Once Gao Wei was back at Yecheng, in order to ward off an ill omen, he passed the throne to his son and crown prince Gao Heng (Empress Mu’s son), taking the title Taishang Huang (retired emperor) but retaining imperial powers. Soon, he abandoned Yecheng, and fled south with his mother Grand Empress Dowager Hu, Empress Mu, Consort Feng, and the young emperor Gao Heng, but they were soon captured by Northern Zhou forces and taken back to Yecheng. Northern Zhou seized Northern Qi’s territory. Later in the year, when Emperor Wu returned to the Northern Zhou capital Chang’an, he took Gao Wei and members of the Gao clan with him. Once at Chang’an, Gao Wei, who was created the Duke of Wen by Emperor Wu, requested to have Consort Feng back. Emperor Wu stated, “I view the world as a broken sandal, and how would I hold back this old woman from you, Duke?” He returned Consort Feng to Gao Wei.

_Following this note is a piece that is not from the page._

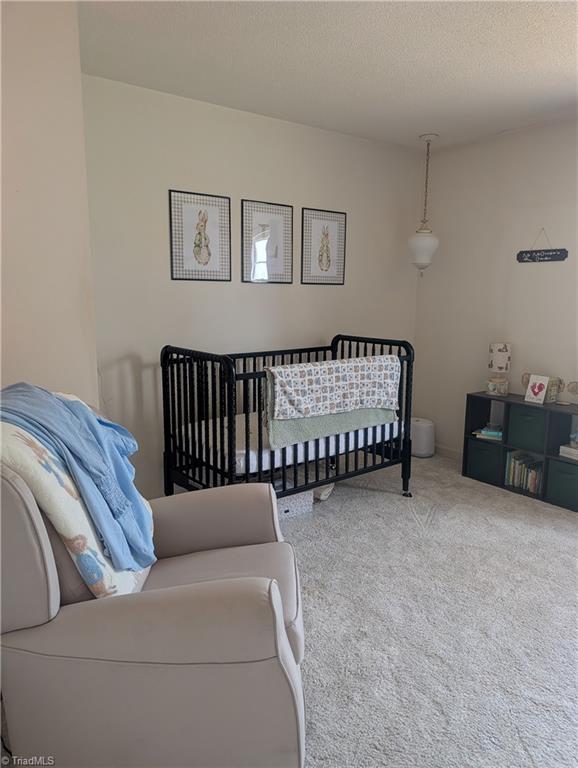 4661 Kinnamon Road Winston-Salem, NC 27103 - Photo 23 of 26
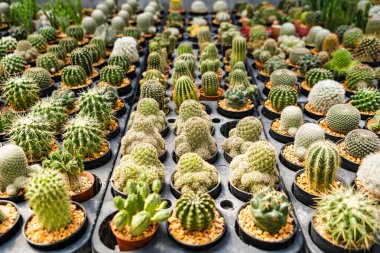 Bir çocuk odasında sıra sıra dizilmiş çeşitli küçük saksıda çeşitli şekiller ve dokular sergileniyor..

In winter 577, Emperor Wu, apprehensive of the Gao clan, falsely accused Gao Wei of conspiring with Mu Tipo to rebel. Gao Wei and the other members of the Gao clan were forced to commit suicide. Emperor Wu awarded Lady Feng to his younger brother, Yuwen Da (宇文達) the Prince of Dai, as a concubine. Yuwen Da greatly favored her; however, once, when she accidentally broke a pipa string, she, lamenting Gao Wei, wrote a poem that read:

Although I receive favor today,
I remember the love I had yesterday.
If you want to know how my heart is broken,
Look at this glued string.

While being Yuwen Da’s concubine, she made accusations against Yuwen Da’s wife Princess Li, nearly leading to Princess Li’s death. After the death of Emperor Wu’s son and successor Emperor Xuan in 580, Emperor Xuan’s father-in-law Yang Jian became regent over his son Emperor Jing of Northern Zhou. Several imperial princes of the Yuwen clan believed that Yang had designs on the throne but failed in a plot to kill him. After the plot, he began executing the imperial princes in earnest, and around the new year 581, he executed Yuwen Da and Yuwen Da’s sons. He awarded Lady Feng to the official Li Xun (李詢) — who happened to be Princess Li’s brother. Li Xun’s and Princess Li’s mother, in order to avenge her daughter, humiliated Lady Feng by forcing her to wear rough clothes and grind grains. Lady Feng committed suicide.